Jakarta, Aktual.co — Jaksa Agung terbukti tidak cermat memproses finalisasi administrasi para terpidana mati bila penundaan eksekusi mati hanya karena masih ada proses hukum yang diajukan para terpidana.
“Itu (alasan penundaan eksekusi) menunjukkan bahwa jaksa agung kurang cermat dalam melakukan proses finalisasi administrasi dari para terpidana,” kata Anggota Komisi III DPR RI Aboe Bakar Al Habsyi di Jakarta, Minggu (8/3).
Dia mengatakan daftar nama yang masuk ke dalam rencana eksekusi seharusnya hanya para napi yang sudah memiliki kekuatan hukum mengikat atau imkrach.
Jika proses hukum masih diajukan oleh seorang napi, menurut Aboe, seharusnya mereka itu tidak dimasukkan dalam rencana eksekusi. “Penundaan eksekusi mati seperti ini akan membawa dampak buruk pada pemberian efek jera,” ujarnya.

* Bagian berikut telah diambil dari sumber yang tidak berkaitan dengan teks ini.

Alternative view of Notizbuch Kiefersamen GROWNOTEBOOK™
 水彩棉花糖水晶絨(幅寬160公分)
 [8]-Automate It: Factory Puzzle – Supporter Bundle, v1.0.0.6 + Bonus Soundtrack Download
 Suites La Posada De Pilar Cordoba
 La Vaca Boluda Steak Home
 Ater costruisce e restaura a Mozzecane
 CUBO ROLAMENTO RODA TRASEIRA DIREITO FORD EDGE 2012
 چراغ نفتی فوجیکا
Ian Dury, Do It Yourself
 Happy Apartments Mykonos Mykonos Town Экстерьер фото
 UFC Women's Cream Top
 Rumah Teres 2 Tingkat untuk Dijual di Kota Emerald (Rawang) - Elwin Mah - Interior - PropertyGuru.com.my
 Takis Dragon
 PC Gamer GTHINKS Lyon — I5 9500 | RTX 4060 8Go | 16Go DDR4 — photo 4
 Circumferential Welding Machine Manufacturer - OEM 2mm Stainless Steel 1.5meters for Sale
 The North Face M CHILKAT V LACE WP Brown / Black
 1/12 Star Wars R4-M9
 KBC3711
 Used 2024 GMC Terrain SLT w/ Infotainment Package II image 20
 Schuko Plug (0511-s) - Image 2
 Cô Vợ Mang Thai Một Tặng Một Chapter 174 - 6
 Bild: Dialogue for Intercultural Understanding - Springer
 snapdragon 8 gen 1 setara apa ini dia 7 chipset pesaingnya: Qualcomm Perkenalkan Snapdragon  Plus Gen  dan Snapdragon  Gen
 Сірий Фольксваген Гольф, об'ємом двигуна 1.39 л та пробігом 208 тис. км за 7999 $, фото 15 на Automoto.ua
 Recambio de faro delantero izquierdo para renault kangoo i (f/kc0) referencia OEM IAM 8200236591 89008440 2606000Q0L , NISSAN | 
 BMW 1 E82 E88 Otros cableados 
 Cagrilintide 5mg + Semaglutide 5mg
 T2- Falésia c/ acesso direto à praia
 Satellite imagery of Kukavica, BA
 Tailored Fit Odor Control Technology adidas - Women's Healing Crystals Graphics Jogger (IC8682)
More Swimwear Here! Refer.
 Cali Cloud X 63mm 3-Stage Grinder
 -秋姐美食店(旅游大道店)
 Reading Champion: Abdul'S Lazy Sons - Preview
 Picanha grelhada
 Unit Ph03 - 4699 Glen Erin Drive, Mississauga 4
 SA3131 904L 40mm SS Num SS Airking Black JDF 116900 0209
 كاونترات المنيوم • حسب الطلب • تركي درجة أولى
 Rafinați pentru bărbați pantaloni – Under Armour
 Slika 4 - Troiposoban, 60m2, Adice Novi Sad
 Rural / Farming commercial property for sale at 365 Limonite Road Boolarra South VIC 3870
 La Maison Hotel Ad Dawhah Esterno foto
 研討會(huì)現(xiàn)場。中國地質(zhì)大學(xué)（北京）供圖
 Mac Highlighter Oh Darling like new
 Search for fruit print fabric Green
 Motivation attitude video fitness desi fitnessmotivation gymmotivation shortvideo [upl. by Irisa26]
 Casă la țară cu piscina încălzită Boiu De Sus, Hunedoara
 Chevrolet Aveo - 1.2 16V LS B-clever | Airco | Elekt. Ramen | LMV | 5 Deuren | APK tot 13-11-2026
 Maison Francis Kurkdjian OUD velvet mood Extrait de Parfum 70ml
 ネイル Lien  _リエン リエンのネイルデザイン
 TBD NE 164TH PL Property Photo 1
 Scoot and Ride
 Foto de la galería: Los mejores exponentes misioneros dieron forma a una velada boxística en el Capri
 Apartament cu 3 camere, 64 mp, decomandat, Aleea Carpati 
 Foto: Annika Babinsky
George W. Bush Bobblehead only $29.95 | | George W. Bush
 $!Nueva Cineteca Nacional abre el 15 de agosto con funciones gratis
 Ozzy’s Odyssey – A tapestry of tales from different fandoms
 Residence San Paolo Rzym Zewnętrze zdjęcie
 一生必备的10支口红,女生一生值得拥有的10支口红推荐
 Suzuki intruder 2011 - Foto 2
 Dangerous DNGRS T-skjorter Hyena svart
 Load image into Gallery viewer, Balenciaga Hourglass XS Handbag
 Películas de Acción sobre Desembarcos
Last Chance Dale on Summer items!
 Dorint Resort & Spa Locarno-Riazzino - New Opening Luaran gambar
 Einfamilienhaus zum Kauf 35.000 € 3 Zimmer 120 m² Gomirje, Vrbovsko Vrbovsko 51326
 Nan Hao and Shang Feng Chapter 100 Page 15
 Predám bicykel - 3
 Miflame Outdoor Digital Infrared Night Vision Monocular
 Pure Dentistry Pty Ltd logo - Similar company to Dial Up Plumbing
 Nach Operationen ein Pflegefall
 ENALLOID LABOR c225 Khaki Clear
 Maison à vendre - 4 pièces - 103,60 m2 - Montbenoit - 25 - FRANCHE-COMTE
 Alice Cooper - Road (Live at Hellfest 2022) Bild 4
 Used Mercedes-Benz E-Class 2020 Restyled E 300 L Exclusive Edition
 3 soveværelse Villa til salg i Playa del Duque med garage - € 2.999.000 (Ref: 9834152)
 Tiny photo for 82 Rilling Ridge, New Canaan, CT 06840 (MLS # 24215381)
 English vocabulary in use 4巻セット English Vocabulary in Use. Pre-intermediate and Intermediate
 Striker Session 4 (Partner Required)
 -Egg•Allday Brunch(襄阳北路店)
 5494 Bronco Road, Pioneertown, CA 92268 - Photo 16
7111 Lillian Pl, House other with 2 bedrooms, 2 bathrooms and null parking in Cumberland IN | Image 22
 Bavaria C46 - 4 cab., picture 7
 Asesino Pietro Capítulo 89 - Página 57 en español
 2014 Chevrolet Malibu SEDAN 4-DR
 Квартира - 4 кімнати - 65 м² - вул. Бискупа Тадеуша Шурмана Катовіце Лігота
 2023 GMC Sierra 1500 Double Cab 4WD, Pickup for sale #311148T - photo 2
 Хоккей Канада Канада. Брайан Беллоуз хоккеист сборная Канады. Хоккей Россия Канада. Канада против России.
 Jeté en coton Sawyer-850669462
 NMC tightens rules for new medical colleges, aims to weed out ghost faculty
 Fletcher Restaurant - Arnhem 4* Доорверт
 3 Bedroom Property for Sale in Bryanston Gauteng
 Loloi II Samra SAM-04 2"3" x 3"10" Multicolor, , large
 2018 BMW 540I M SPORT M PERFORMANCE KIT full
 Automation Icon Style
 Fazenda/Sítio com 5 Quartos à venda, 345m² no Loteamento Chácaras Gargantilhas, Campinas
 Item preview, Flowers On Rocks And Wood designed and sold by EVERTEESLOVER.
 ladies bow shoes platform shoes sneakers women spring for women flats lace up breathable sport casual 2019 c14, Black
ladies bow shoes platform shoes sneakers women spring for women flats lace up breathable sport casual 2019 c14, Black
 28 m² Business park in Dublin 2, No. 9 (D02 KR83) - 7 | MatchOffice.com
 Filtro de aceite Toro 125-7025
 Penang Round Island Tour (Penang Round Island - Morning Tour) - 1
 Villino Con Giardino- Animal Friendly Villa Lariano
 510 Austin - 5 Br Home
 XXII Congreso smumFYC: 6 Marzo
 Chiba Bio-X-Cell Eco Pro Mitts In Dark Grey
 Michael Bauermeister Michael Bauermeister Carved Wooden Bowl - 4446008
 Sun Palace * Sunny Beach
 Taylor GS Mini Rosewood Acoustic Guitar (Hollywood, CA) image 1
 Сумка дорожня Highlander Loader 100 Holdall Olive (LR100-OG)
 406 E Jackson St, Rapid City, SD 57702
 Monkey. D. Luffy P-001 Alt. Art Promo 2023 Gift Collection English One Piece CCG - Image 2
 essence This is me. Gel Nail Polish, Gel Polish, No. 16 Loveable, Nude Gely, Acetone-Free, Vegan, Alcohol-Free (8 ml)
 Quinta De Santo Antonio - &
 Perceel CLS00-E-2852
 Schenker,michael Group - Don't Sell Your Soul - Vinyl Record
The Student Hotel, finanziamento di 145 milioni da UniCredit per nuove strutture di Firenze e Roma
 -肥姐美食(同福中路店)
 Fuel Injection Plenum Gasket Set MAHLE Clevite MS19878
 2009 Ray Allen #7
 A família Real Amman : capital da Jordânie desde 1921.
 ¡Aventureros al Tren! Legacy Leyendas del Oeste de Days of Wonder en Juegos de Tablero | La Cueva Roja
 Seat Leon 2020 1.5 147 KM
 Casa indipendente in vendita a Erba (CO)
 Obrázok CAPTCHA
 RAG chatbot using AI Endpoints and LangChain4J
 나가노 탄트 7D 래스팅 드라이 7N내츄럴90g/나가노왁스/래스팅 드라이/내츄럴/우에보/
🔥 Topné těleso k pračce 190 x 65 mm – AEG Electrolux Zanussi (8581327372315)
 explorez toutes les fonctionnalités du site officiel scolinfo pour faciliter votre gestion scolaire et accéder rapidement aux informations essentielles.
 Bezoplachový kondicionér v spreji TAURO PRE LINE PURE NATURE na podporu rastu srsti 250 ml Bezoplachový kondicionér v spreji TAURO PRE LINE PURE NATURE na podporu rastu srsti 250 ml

Politisi PKS itu menilai para pengedar tak akan takut lagi dengan ancaman hukuman mati, karena semua masih bisa ditunda-tunda. Sementara itu di sisi lain menurut dia, dampak narkoba terus berjalan, karena setiap hari sekitar 50 orang mati karena narkoba. “Menunda eksekusi mati mereka sehari, sama saja kita mentolelir kematian 50 orang yang terpapar dampak narkoba,” katanya.
Menilik kasus Mustofa maupun Freddy Budiman yang meski telah divonis mati, masih bisa ‘bermain’ narkoba, menurut Aboe, itu menunjukkan eksekusi mati mau tak mau harus segera dilaksanakan. Hal ini penting sebagai pelajaran, agar mereka tidak bisa seenaknya bertransaksi lagi.
Aboe Bakar juga menilai penundaan eksekusi mati para bandar narkoba termasuk duo “Bali Nine” menunjukkan kelemahan diplomasi Indonesia . Hal itu juga mengindikasikan posisi Indonesia selama beberapa waktu terakhir ini berada dalam tekanan masif Australia.